While many new UC Berkeley admits excitedly anticipate the upcoming school year, Norwegian student Karina Harkestad has been filled with reservation about her chances of attending the school.
Harkestad lives with a congenital muscle disease and has personal care assistants paid for by the municipality of Bergen, Norway, and the Norwegian Labour and Welfare Administration. Because of a Bergen City Council regulation that prohibits these assistants from leaving the municipality for more than five weeks per year, however, her endeavor to study abroad at UC Berkeley has been jeopardized.
Despite the known restriction, Harkestad applied to receive assistance abroad, but her application to leave Norway for four to five months was turned down by the municipality. She also turned to the labor and welfare administration for support but has not yet received a response.
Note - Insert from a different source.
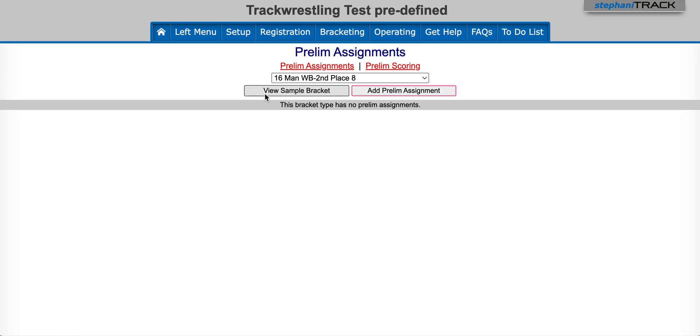You will need to add a prelim assignment for each extra wrestler that you have. In this case, we will have two.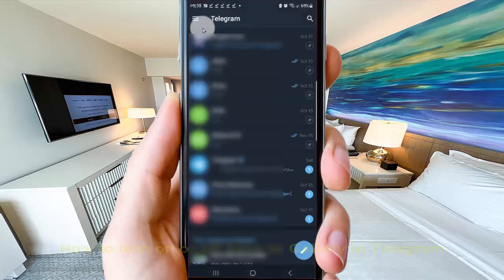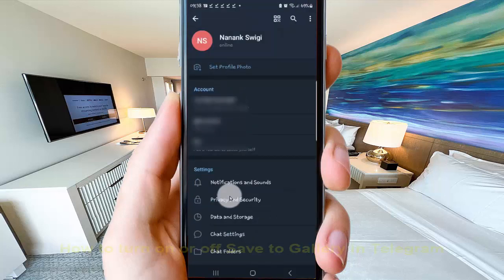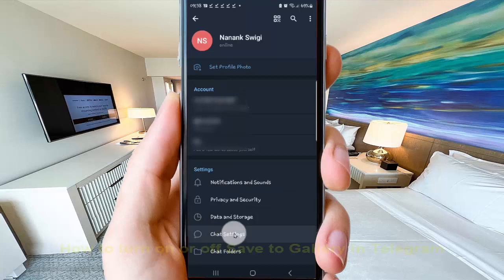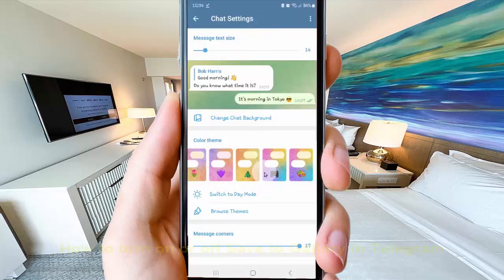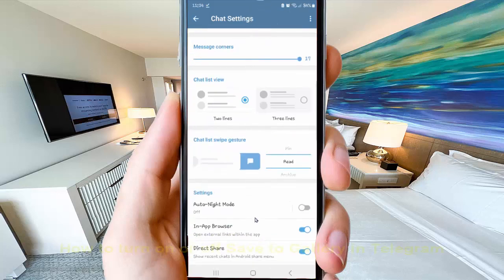Tap the more icon or three-line icon, then select Settings. Next tap Settings, and then scroll down the screen to Save to Gallery.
According to Dag Rune Olsen, the rector of the University of Bergen, the school regards international exchange as a fundamental component of its education. More than 30 percent of students at the university study abroad, he said.
As a third-year clinical psychology student at the University of Bergen, “I cannot exchange to UC Berkeley, like other students in my class are going to,” Harkestad said in an email.
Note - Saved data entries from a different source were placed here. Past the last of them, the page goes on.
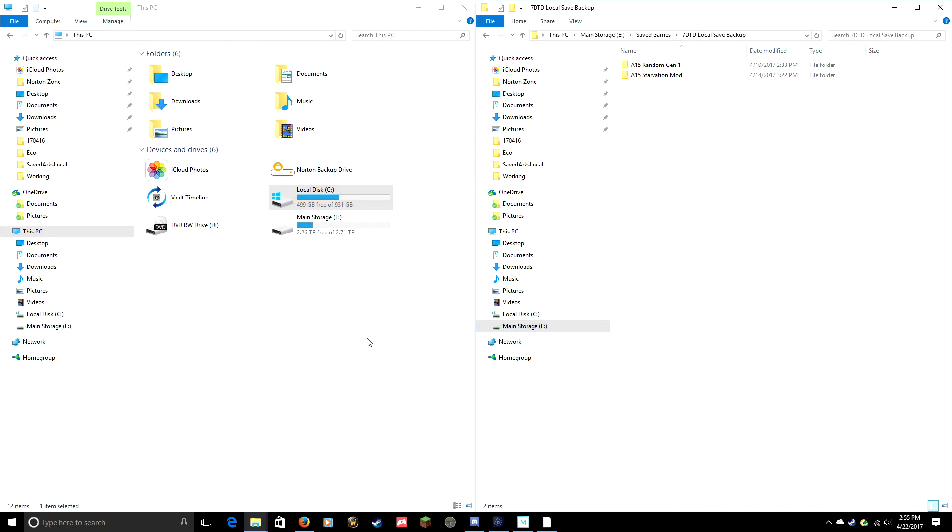These are going to be in the same place, and unless you've changed it on purpose, these will be in the same place whether you're playing vanilla Seven Days to Die or whether you're playing modded Seven Days to Die. So this will work for either version.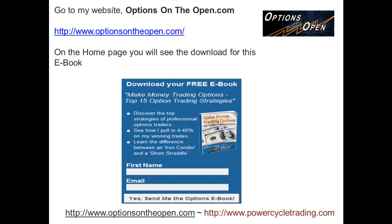Before I get started, if you have not received my free eBook, please take a look here. This is a free eBook called Make Money Trading Options. It's got 15 really great option trading strategies, from iron condors to iron butterflies, short straddles and strangles — really good strategies that everybody should know if you're looking to trade options. If you'd like this for free, just go to my website, optionsontheopen.com. On the front home page in the left-hand corner you'll see the free download. Just put your name, your email, click the button and you'll get it right away.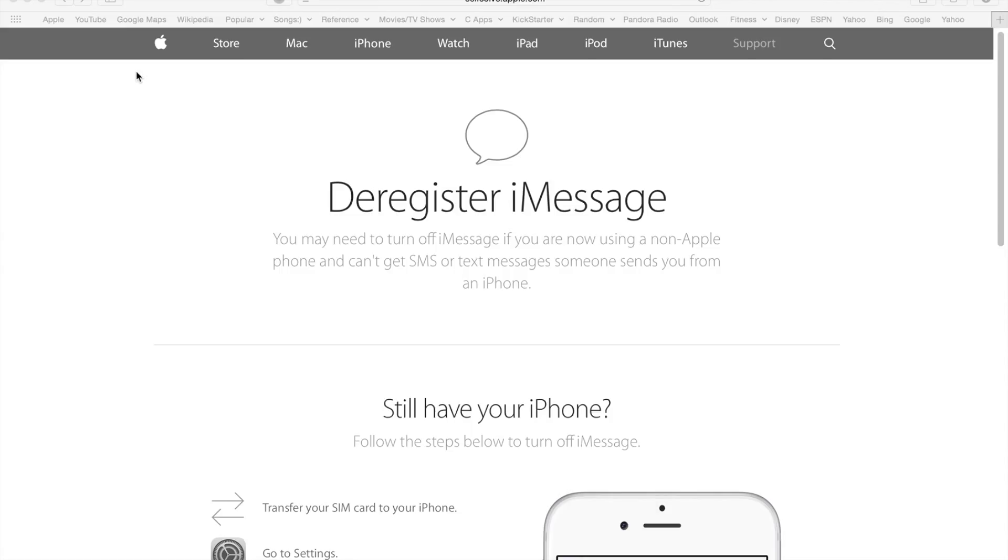What happens a lot of times is that people forget to turn off their iMessage. When you forget to turn off iMessage, when other iPhone users try to send you a text message or any message through the Messages application on their iPhone, the system automatically tries to send you an iMessage first.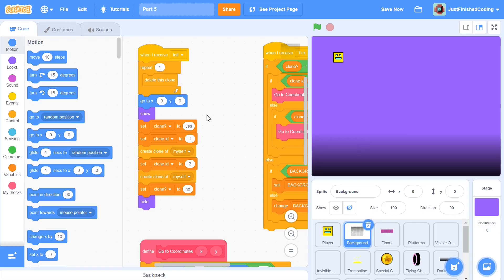Hello everyone and welcome back to Just Finish Coding. I'm Sriram and this video is part 5 of our Geometry Dash game, which we're making on Scratch 3. In parts 1 to 4 we did quite a lot and made up pretty much our entire course. In case you haven't watched parts 1 to 4, I'll leave a card right here so you can catch up with all the videos. So let's start off.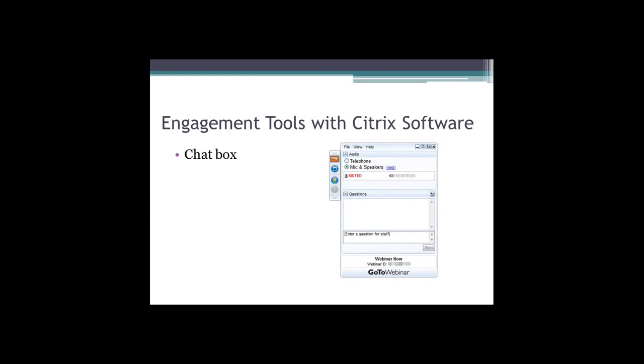Just to practice the chat box, if you want to come to your keyboards if you're not already there, type in 'type message here.' Just tell us who you are and where you're joining us from, just so we can practice everyone typing into the chat box.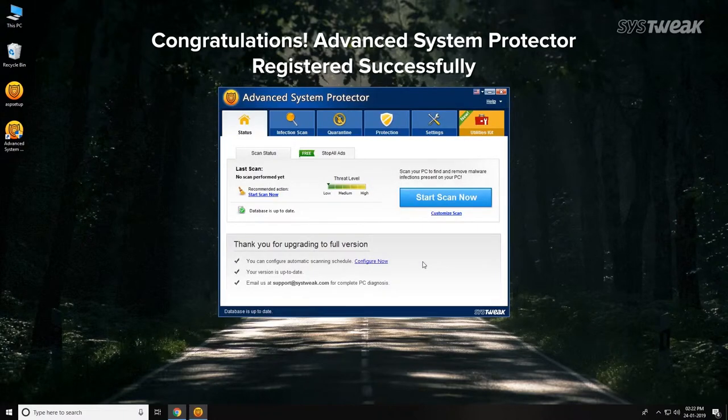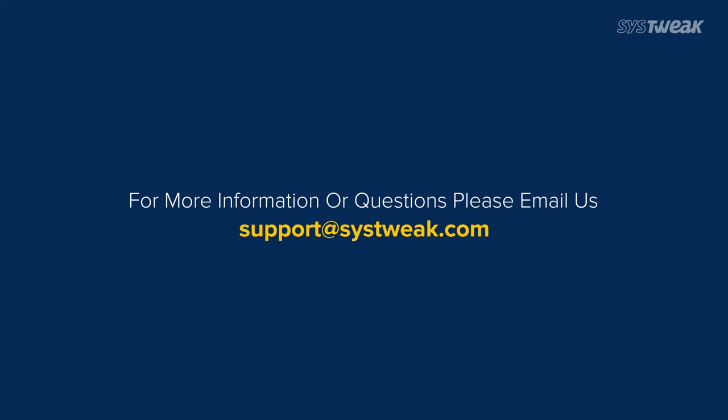Congratulations! You have successfully registered Advanced System Protector. If you need any more information or questions, please send us your queries on support at SystWeek.com.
In response to the council-imposed restriction Harkestad faces, students and faculty at the University of Bergen have rallied to support her. A local petition for Bergen to reconsider the law received 500 valid signatures, according to Elisabeth Omdal, one of Harkestad’s classmates who will attend UC Berkeley in the fall.
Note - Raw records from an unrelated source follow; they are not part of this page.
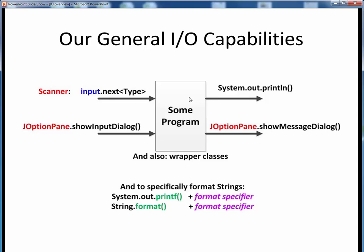This last diagram summarizes our general I/O capabilities for this course, showing the various pathways we'll consider using the Scanner and JOptionPane classes. For command line input, we'll rely on the Scanner class — we'll instantiate a new Scanner object, shown here in blue, and use the various next methods to read in specific data types. For command line or screen output, we'll simply use System.out.println, as we've been doing. For GUI input or output, we'll use two methods of the JOptionPane class, called statically using the name of the class, shown here in red. We may also need to transform strings into core data types using the wrapper classes.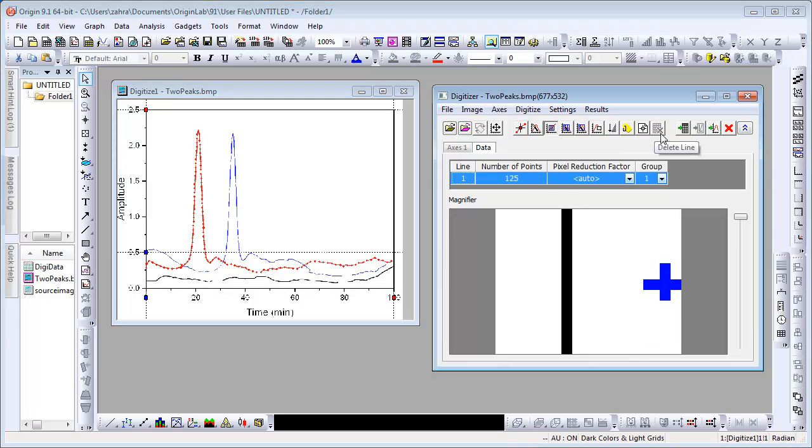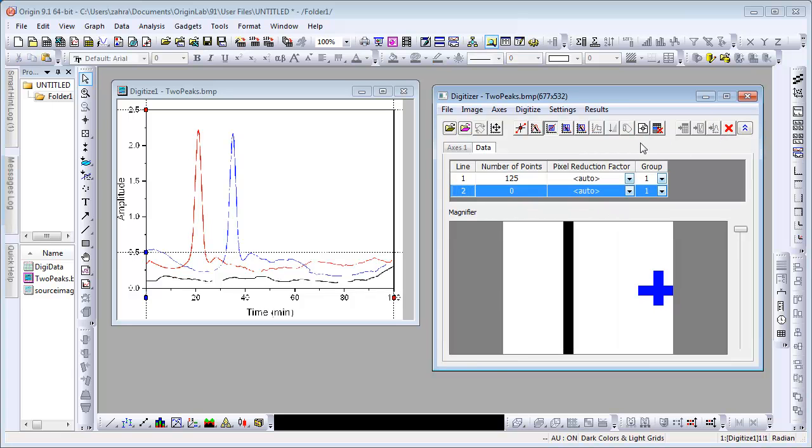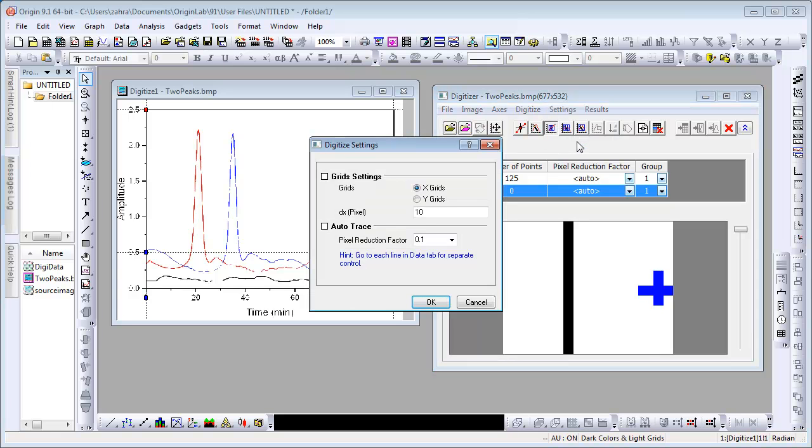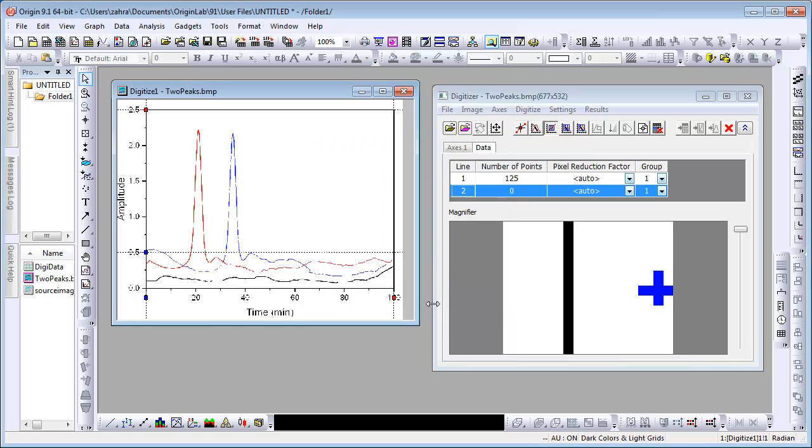To delete all the lines, you can use the Delete All button but we will not use it today. Start a new line again for the black baseline. We want to increase the density of the grid so under Settings, Digitize Settings, we change the pixel number to 5. Click OK.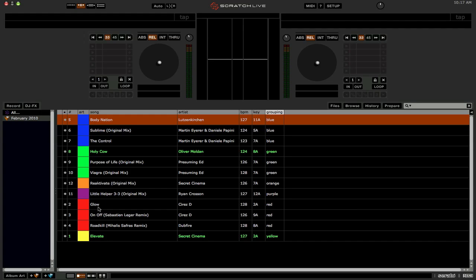This is using the album artwork column instead of the color column in Scratch Live 2.0. And you're going to have to use the Embed Album Artwork feature to embed the album artwork. See my other video on that and how to embed album artwork in Scratch Live 2.0. But here you go. This is one of my first tips and tricks with Scratch Live 2.0, using the album artwork column instead of the colored column.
The municipality has stood firm thus far in its decision to not make an exception for Harkestad’s case, in accordance with national Norwegian law. But it is still working to appeal to national authorities, who may be able to permit Harkestad to study abroad, according to Nina Mevold, municipal director of health and care services.
“The request has to address the cooperation between universities, health and care sector and the social security sector,” she said in an email. “I personally hope that Karina Harkestad and other persons with similar needs will be able to travel internationally for studies or work.”
Harkestad has briefly been in contact with UC Berkeley’s Disabled Students’ Program to discuss accessibility and test-taking assistance on the Berkeley campus. She and her municipality, however, have not yet reached out to the program to discuss possible solutions to her situation.
Kevin Shields, the disabled students’ residence program coordinator for the DSP, said Harkestad could bypass Bergen’s regulations by receiving In-Home Supportive Services covered by Medi-Cal. To qualify for Medi-Cal, however, Harkestad would need to have a guardian living and working in California for a number of years. Even then, Shields said, the supportive services program may not be as helpful as Harkestad’s assistance in Bergen.
“Even In-Home (Supportive) Services, which is what our state has to offer people — it’s not a very good program,” he said. “It’s underfunded, it’s understaffed, it’s very bureaucratic. It’s very difficult to manage.”
Despite the constraints she has come up against, Harkestad remains optimistic.
“In the end I want to say that time is running out because there is so much to organize in advance,” she said in an email. “Maybe the time already has run out, but of course; I still have a hope!”